Task details: Only the lines below between the ones containing "Cure‑Dents 8 cm Lesotho" and "Poster questa Światła nocy: neon w oddali", inclusive, are to be reproduced, each exactly as it stands.

Exercise input:
***
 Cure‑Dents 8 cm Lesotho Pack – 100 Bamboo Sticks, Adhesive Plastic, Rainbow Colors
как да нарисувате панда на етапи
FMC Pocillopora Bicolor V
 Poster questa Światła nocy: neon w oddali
***
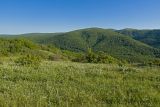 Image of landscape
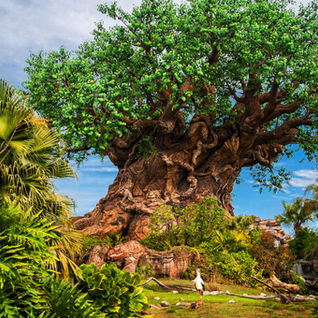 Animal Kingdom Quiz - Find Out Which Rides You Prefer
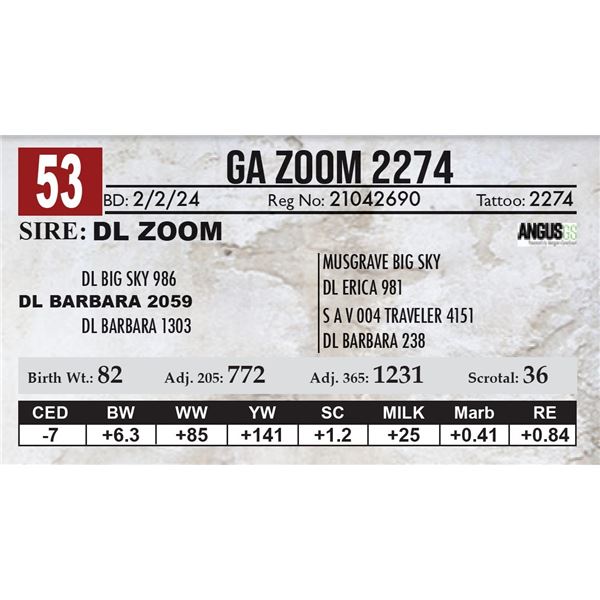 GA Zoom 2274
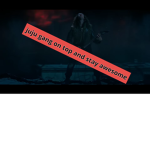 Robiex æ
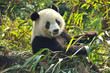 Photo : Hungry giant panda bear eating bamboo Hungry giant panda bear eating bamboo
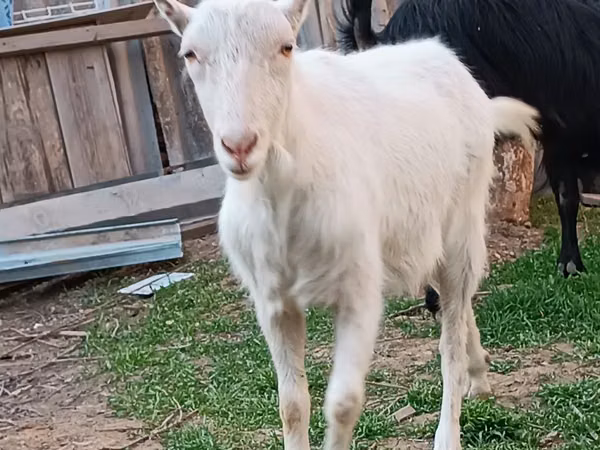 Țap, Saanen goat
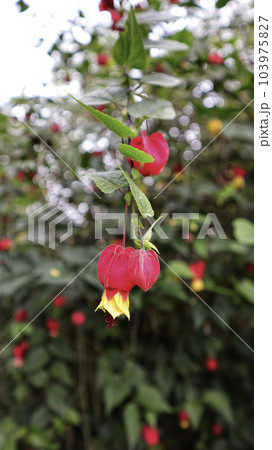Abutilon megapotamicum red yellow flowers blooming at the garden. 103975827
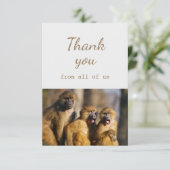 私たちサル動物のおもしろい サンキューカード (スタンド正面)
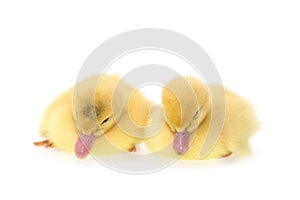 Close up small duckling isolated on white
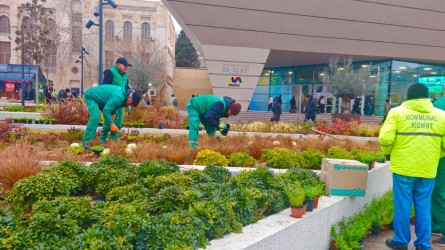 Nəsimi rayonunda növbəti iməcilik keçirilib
***
Expected answer:
 Cure‑Dents 8 cm Lesotho Pack – 100 Bamboo Sticks, Adhesive Plastic, Rainbow Colors
как да нарисувате панда на етапи
FMC Pocillopora Bicolor V
 Poster questa Światła nocy: neon w oddali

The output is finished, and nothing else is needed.